Page MenuHomePhabricator

Upgrade Toolforge Kubernetes to latest 1.18
Closed, ResolvedPublic

Description

Always start with toolsbeta.

The current release of Kubernetes is 1.21. We aim to stay within the supported versions, and while there is currently a 1 year support cycle starting at 1.20, we are at 1.17. On those versions only three minor versions were supported for patches, so we've dropped clean off. We should try to move to 1.19 as soon as is feasible as well.

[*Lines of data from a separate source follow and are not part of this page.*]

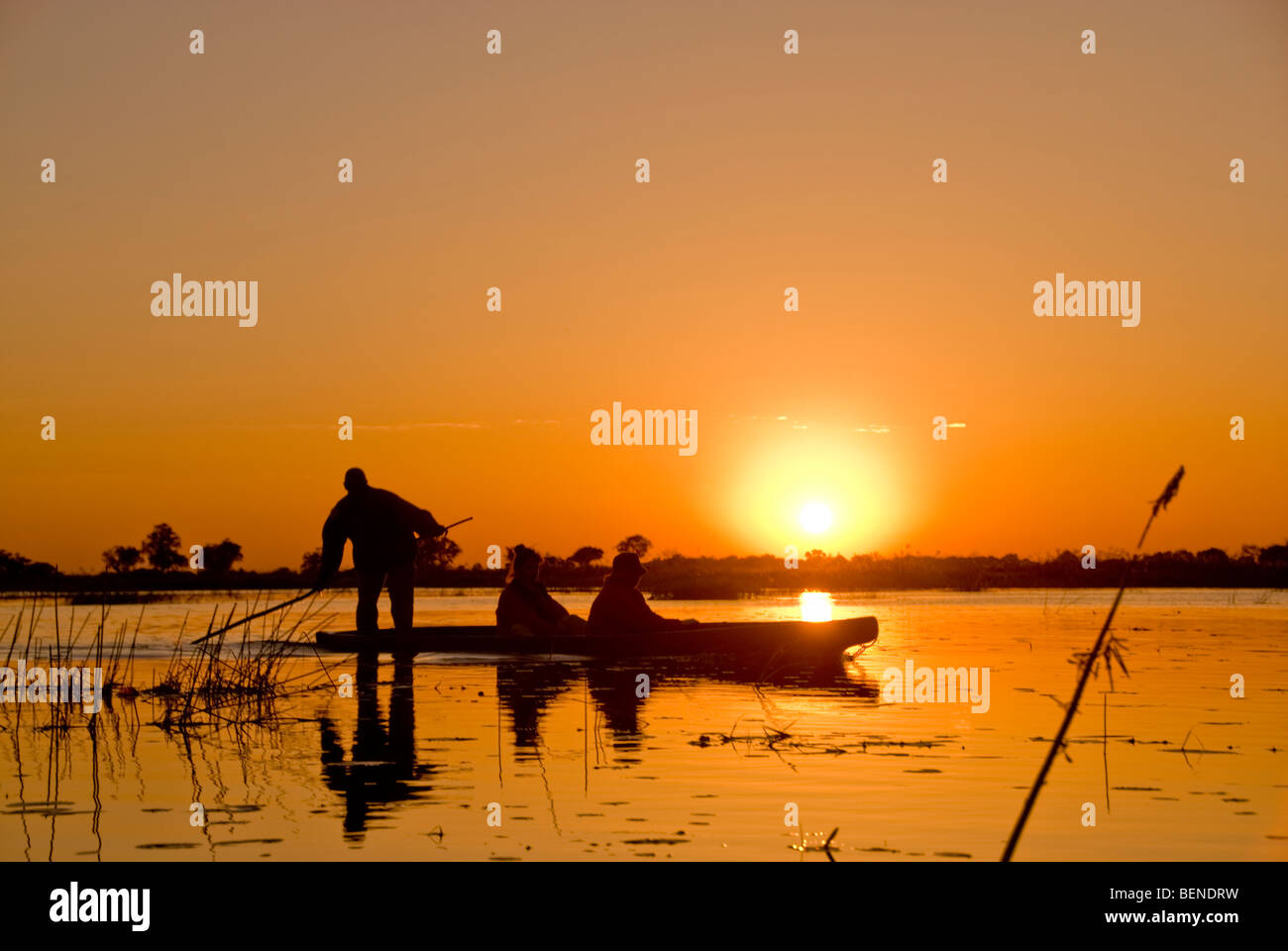 Un bateau se déplace le long du delta de l'Okavango au coucher du soleil, le Botswana, l'Afrique. Banque D'Images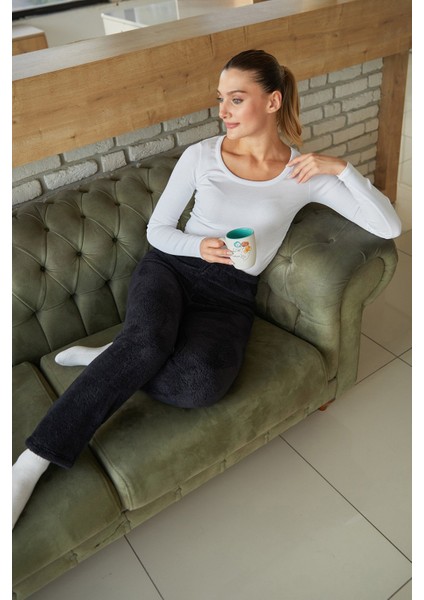 Beli Lastikli Pelüş Pijama Altı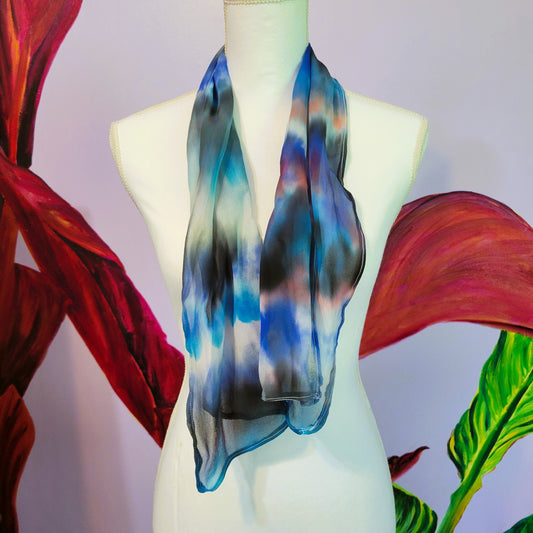 Sheer Silk Chiffon Scarf – Hand Painted Abstract Storm Clouds in Black, Blue, Red, White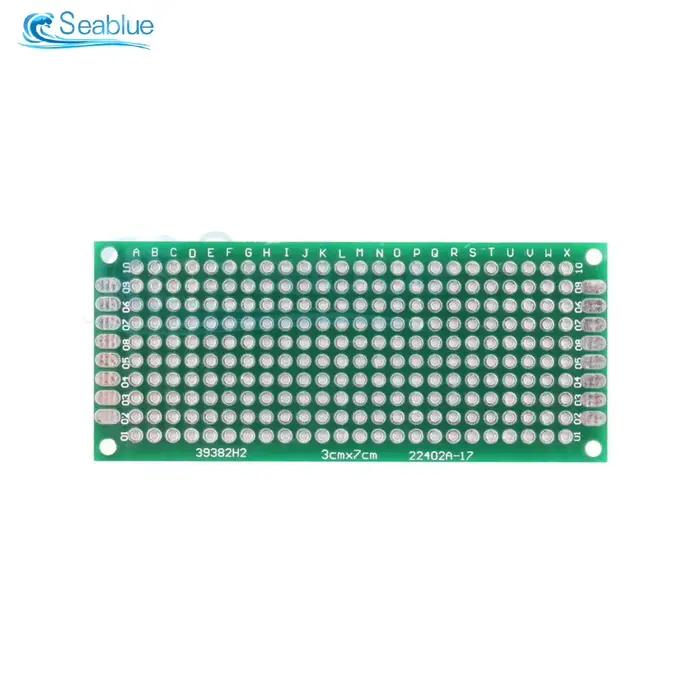Circuit imprimé universel Double face PCB, 3x7CM, panneau plaqué étain, plaque de prototypage pour Arduino, 5 pièces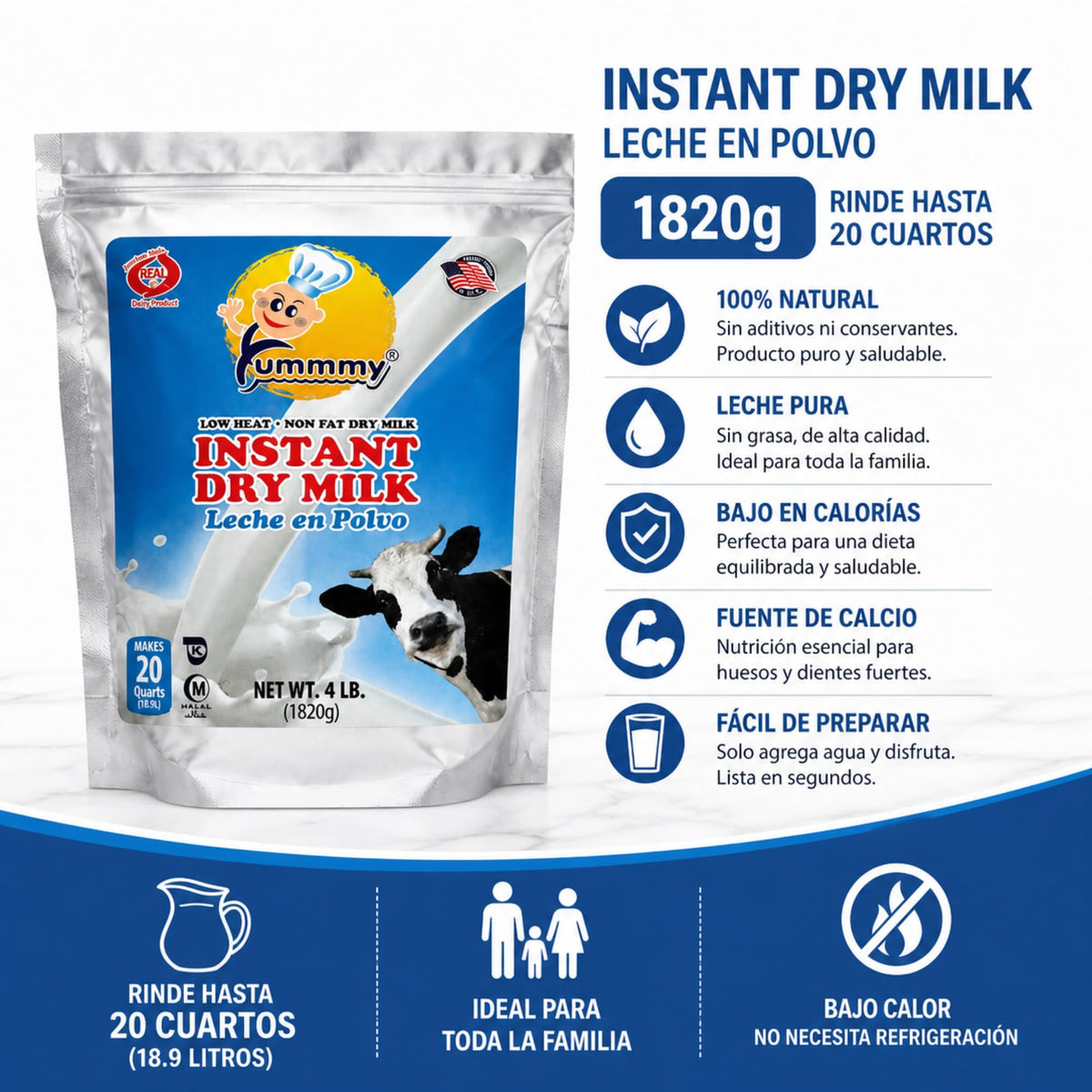 64 oz Instant Nonfat Powdered Dry Milk F7964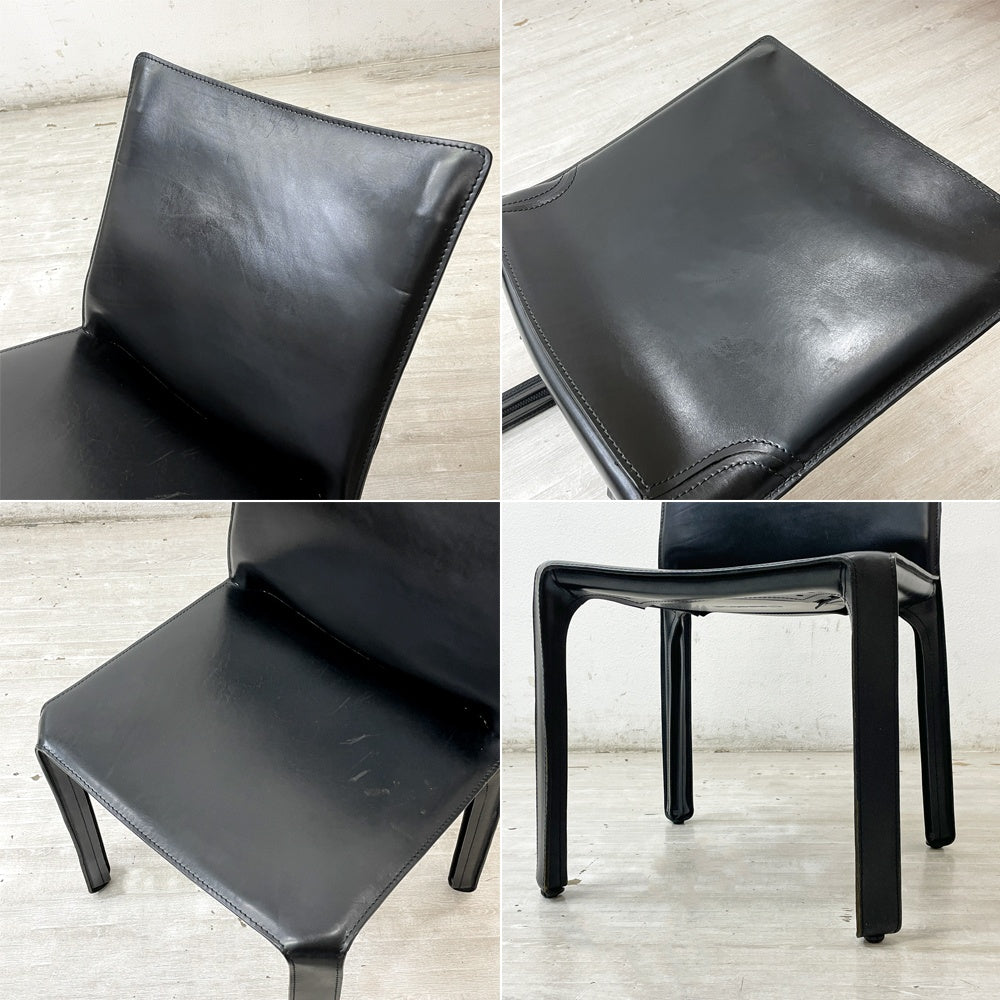 カッシーナ Cassina キャブチェア 412 CAB CHAIR アームレス 本革 ブラック マリオ・ベリーニ MoMA 永久展示品 イタリアモダン 定価￥308,000- A ●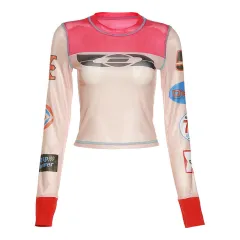 Milk Silk Perspective Digital Print Tight Height Waist Slim Fashion Clothes - Color-S - View 1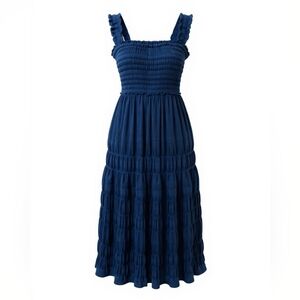 Max Studio Blue Smocked Tiered Maxi Size XS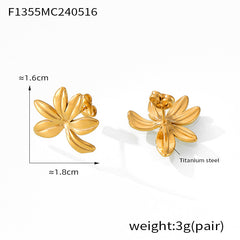 Sculptural Flower Stud Earrings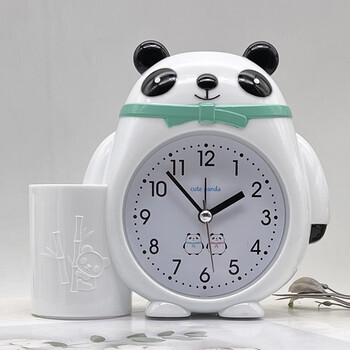 儿童学习带笔筒熊猫小闹钟可爱卡通学生创意卧室客厅台式桌面闹表绿色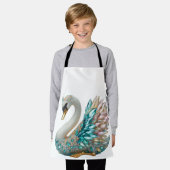 Bedazzled Diamond Swan Gold Crystal Bling エプロン (着用した状態)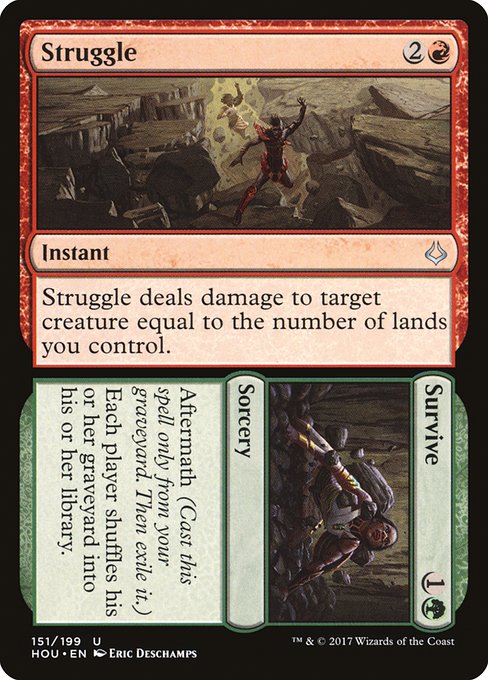 Magic the Gathering Card - Struggle // Survive - MTG Circle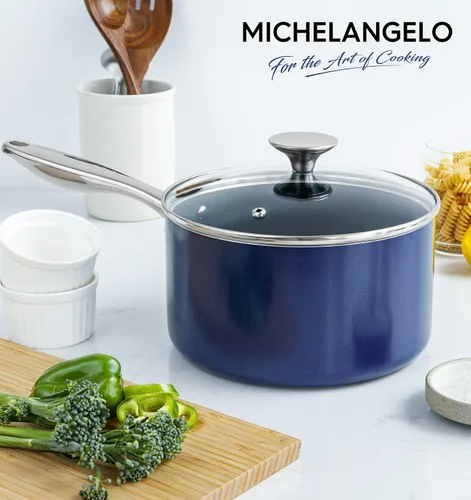 Miniatura 6 de MICHELANGELO Cacerola de 1 cuarto de galón con tapa, cacerola de salsa de cerámica antiadherente con mango de acero inoxidable, cacerola de 1 cuarto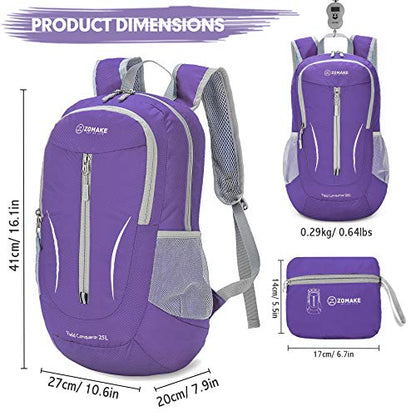 ZOMAKE Ultra Lightweight Packable Backpack 25L, Foldable Hiking Backpacks Water Resistant Small Folding Daypack for Travel(Purple) - color: Purple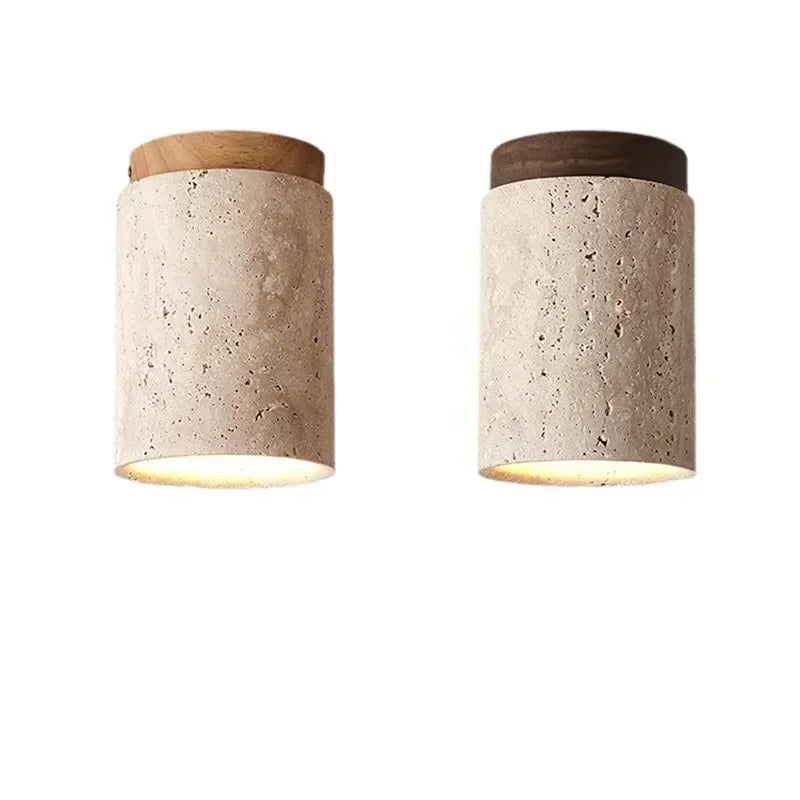 Wabi-Sabi Travertine Ceiling Lamp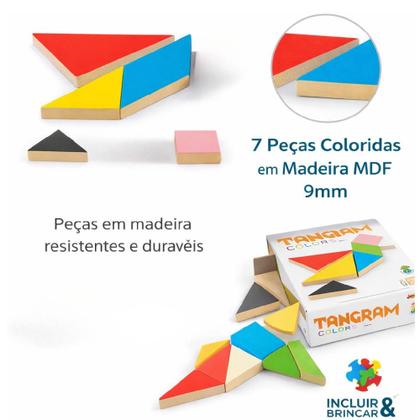 Imagem de Tangram educativo montessori pedagogico brinquedo 7 peças em madeira jogo colorido quebra cabeça desafio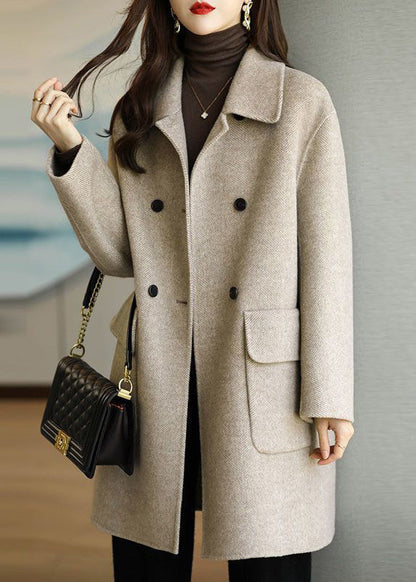 Women Green Peter Pan Collar Button Pockets Woolen Coat Winter RS024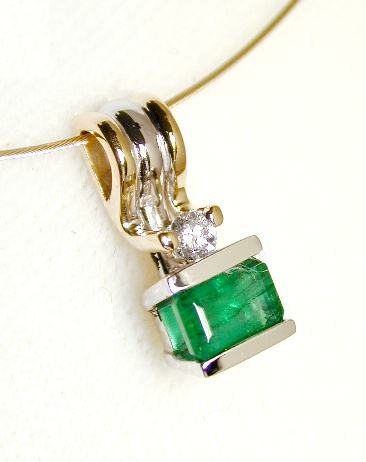 
Two-tone Emerald and Diamond Pendant
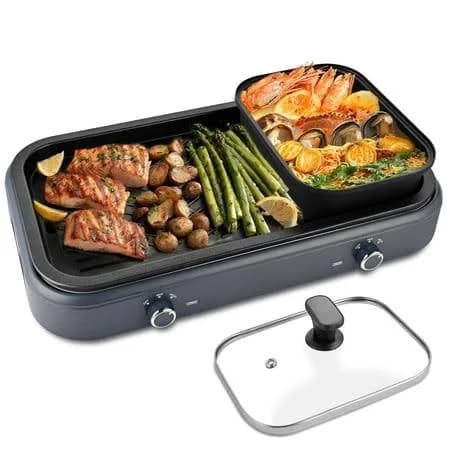 Susteas 1500W Electric Hot Pot with Grill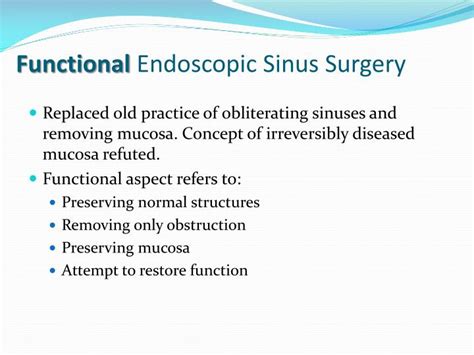 Ppt Principles Of Functional Endoscopic Sinus Surgery Powerpoint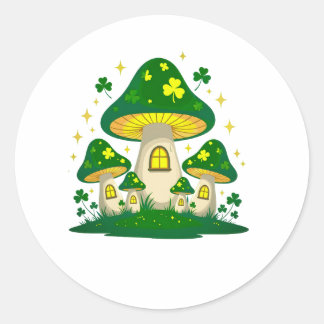 Magical Mushroom Village With Glowing Runder Aufkleber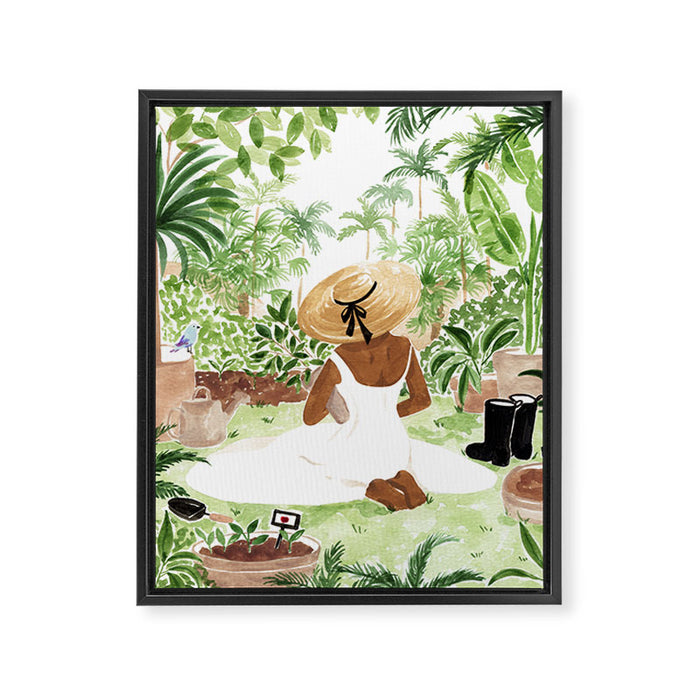Little Gardener Framed Canvas Print Gallery Image 1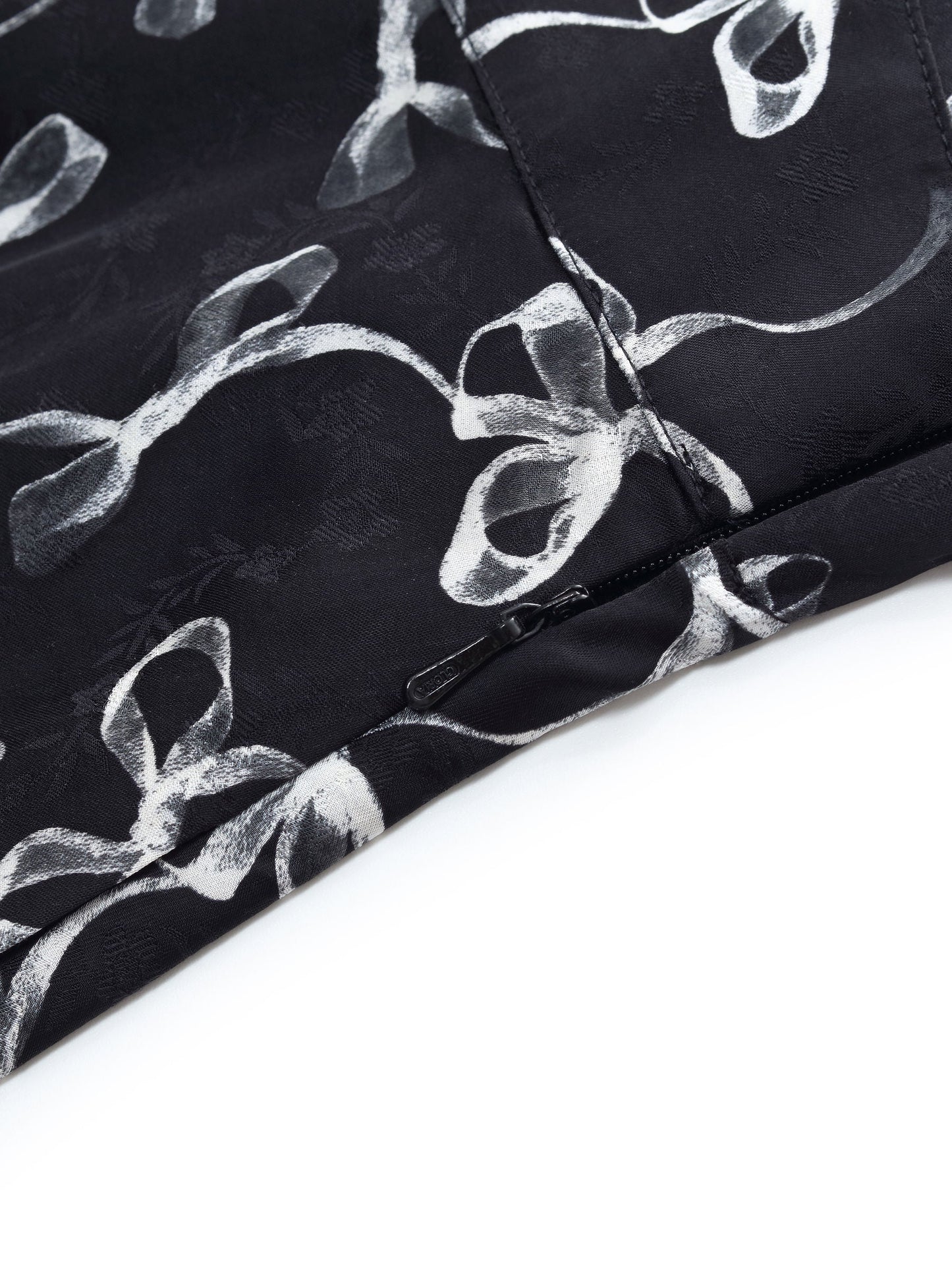 Ribbon Print Puff Sleeve Women Midi Dress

Make sure you read https://v1-18.docs.kubernetes.io/docs/setup/release/notes/#urgent-upgrade-notes
Then there's the appropriate upgrade guide: https://v1-18.docs.kubernetes.io/docs/tasks/administer-cluster/kubeadm/kubeadm-upgrade/

And then there's our notes: https://wikitech.wikimedia.org/wiki/Portal:Toolforge/Admin/Kubernetes/Upgrading_Kubernetes

Related Objects

Event Timeline

Bstorm created this task.

If we get to 1.19, it's the exact same process, but there is no need to refresh the certs again if done in the same six month period.

I've read the release notes for both 1.18 and 1.19, summary below.

Kubernetes

1.18
  • consumers of the 'certificatesigningrequests/approval' API must now have permission to 'approve' CSRs for the specific signer requested by the CSR. More information on the new signerName field and the required authorization can be found at https://kubernetes.io/docs/reference/access-authn-authz/certificate-signing-requests#authorization (#88246, @munnerz) [SIG API Machinery, Apps, Auth, CLI, Node and Testing]
    • This breaks maintain-kubeusers, see patch attached on T280300
  • Deprecated user-facing APIs removed, all have replacements on newer APIs, just need to check if any tools are using the legacy ones
    • apps/v1beta[12]
    • extensions/v1beta1 daemonsets, deployments, replicasets
    • extensions/v1beta1 networkpolicies
    • extensions/v1beta1 podsecuritypolicies
  • Upgrade guide itself looks fairly standard, nothing special in there
1.19
  • I don't see anything special on the release notes or upgrade guide, should be a relatively simple upgrade except that we need to upgrade Calico before upgrading to Kubernetes 1.19 (see below).

Calico

  • Docs for older versions not available online? ended up digging git tags for their source on github
  • We're currently on Calico 3.14, which supports k8s 1.16-1.18, latest Calico (3.18) supports k8s 1.18-1.20
  • Do we need to upgrade via each version or can we skip some from the middle?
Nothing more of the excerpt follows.